To dziwne, ale nie wszyscy ludzie tak postrzegają aktorstwo... Gdybym miała szansę zagrać w takim filmie jak " Opowieści z Narnii" ( o czym od dawna marzę), to nie cieszyłabym się z powodu kasy, sławy, czy fanów ... Nie... Najbardziej cieszyłabym się, że film w którym grałam uczynił coś dobrego, że sprawił wielu ludziom radość :) Według mnie to jest najważniejsze ... Cudownie byłoby choć trochę przybliżyć się do świata Narnii choćby na planie filmowym ...
A co do wypowiedzi, dotyczącej atmosfery na forum, to tylko wasza zasługa :)
Nie wiem czy mnie źle nie zrozumiałaś...o ile na mój komentarz odpisywałaś. Mi nie chodziło, że aktorstwo= duża kupa pieniędzy. Tylko defakto w tym świecie trudno się przebić. Ile w Polsce jest uzdolnionych osób począwszy właśnie od teatru (bo według mnie prawdziwego aktora poznaje się po dobrej grze na deskach teatru) a skończywszy na muzyce. Masę. Ale nieliczni naprawdę nieźli się przebijają. A jest już w ogóle dobrze jeśli sława nie uderzy im do głowy.
Ale co do aktorsta to podzielę Twoje zdnaie. Według mnie to ne ma być zbijanie kasy, tylko tworzenie. Aktor powinien w pełni wczuć się w odgrywaną postać. Maksymalnie. Wiecie kończę już bo jak się rozpiszę to nie skończę :)
To oczywiste :) Jednak według mnie istotą aktorstwa nie są olbrzymie pieniądze i sława, ale to, że można wiele z siebie dać innym :) To normalne, że każdy ma swoje potrzeby, ale ja tak właśnie aktorstwo postrzegam :)
Za taką forsę, jak ajest wynikiem sławy i sukcesu... Mógłbym sobie popijać najlepsze trunki, popalając cygaro, a przede wszystkim miałbym zabezpieczenie do końca życia.
Tyle tylko, że wtedy taka osoba musi uważac na zbyt natarczywych fanów czy paparazzich...
A tak w ogóle to ciekawe, jakie to uczucie widziec siebie na ekranie kina albo telewizji.

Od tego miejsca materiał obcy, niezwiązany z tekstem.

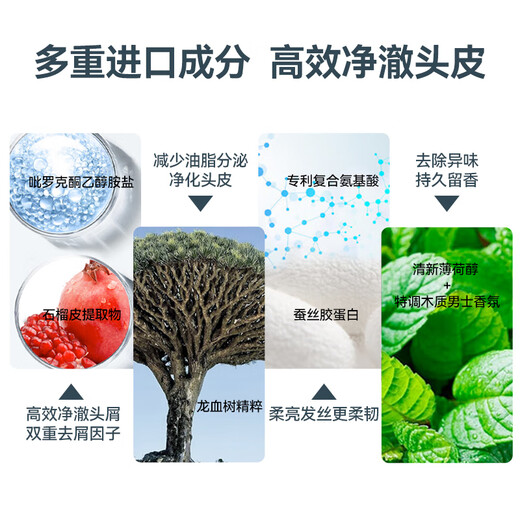 京东京造001古龙香氛洗发水控油去屑 男士氨基酸洗发露480mL洗头膏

wiecie.przyznam szczerze nawet rodzicom o tym nie mówiłam. ale od dziecka marze o pojawianiu się na czerwonych dywanach itp. o masach blogów na mój temat o docenianiu mnie. i nawet pani od poslkiego zapisała mnie na kółko teatralne i dopiero potem mi o tym powiedziała.
moim marzeniem jest dostac się do jednej w moim mieście klasy-teatralno filmowej.ale..nie wiem.napewno pojde na humana albo dziennikarski i pomimo że dobrze umiem pisac mam zamiar studiowac na wydziale aktorskim i..tyle.
nie wyśmiejcie mnie.prosze.
dodatkowo dodam że od zawsze chciałam zagrać Julię.
Znając siebie narzekałabym że mogłam to zrobić lepiej, inaczej stanąć itp. :) Napewno dziwnie jest oglądać się na ekranie. Ale ze sławą to jest nieciekawie. Ogromna presja. Ja bym chciała być aktorką, dlatego że kocham kino i chciałabym nawet spróbować w tym sił, ale nie chciałabym być śledzona na każdym kroku.
wiesz na początku presja jest no chyba że od dziecka jesteś rpzed kamera ale po kilku razach przestajesz presje czuć i jest..spoko xD
Pączku ;P , nie ma się z czego wyśmiewać, to normalne, każdy ma swoje marzenia, a moje są podobne do Twoich ... niestety bardzo trudno w dzisiejszym świecie osiągnąć sukces, bo w dużej mierze liczą się znajomości, a nie jak już ktoś wcześniej powiedział talent ... Czasem jednak ma się szczęście :)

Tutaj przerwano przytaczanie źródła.